Given the vast amount of information potentially contained in an individual’s email account, the Court finds the current Application violates the Fourth Amendment’s probable cause and particularity requirements. But, as will be explained later, the Court believes these concerns may be alleviated through the use of ex ante instructions. Before discussing some of those instructions, the Court addresses its concern regarding particularity with respect to the place to be searched.

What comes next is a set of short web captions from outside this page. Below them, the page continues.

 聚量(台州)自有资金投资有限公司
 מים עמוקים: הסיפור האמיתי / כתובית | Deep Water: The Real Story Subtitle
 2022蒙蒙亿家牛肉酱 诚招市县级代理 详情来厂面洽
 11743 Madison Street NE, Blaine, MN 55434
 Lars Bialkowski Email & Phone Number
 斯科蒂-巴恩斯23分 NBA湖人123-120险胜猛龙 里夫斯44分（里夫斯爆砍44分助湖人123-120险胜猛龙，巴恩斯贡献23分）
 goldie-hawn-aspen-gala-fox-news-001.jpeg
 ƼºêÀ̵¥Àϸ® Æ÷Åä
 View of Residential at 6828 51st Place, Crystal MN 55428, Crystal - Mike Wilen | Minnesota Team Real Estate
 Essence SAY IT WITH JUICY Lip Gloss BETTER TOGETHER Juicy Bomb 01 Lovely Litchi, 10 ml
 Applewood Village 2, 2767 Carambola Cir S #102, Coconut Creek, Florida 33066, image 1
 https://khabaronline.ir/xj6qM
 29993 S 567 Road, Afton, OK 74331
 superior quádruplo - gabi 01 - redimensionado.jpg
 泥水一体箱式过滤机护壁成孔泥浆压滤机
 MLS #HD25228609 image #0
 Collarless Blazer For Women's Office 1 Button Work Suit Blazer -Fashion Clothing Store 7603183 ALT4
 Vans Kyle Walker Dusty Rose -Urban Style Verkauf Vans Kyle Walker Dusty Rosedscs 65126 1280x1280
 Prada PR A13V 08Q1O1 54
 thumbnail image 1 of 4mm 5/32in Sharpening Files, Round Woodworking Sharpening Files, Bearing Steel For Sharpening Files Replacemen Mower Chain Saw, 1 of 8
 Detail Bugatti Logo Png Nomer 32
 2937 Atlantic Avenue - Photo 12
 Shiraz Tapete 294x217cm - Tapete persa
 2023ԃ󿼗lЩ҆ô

2. Application Paragraphs 2 & 3—Step One, or the Place to be Searched
Application paragraphs 2 and 3 implement Step One of Rule 41′s Two-Step Procedure, which, in turn, addresses the “place to be searched” as used in the Fourth Amendment. “To determine if the place to be searched is particularly described, courts ask whether the description is sufficient ‘to enable the executing officer to locate and identify the premises with reasonable effort, and whether there is any reasonable probability that another premise might be mistakenly searched.’” The Court finds this Application is not sufficiently particular with respect to the place to be searched. SDNY Email and DC District Email both conclude that the identification of the target email address itself—here, [redacted]@hotmail.com —is a sufficiently particular description. That view is tempting because, after all, Microsoft will only disclose the ESI of the target email address listed in the warrant, making it virtually impossible that an executing officer might mistakenly search another “premises.” But this Court disagrees for two interrelated reasons, and it is for these reasons the Court believes that these types of warrants should include ex ante instructions.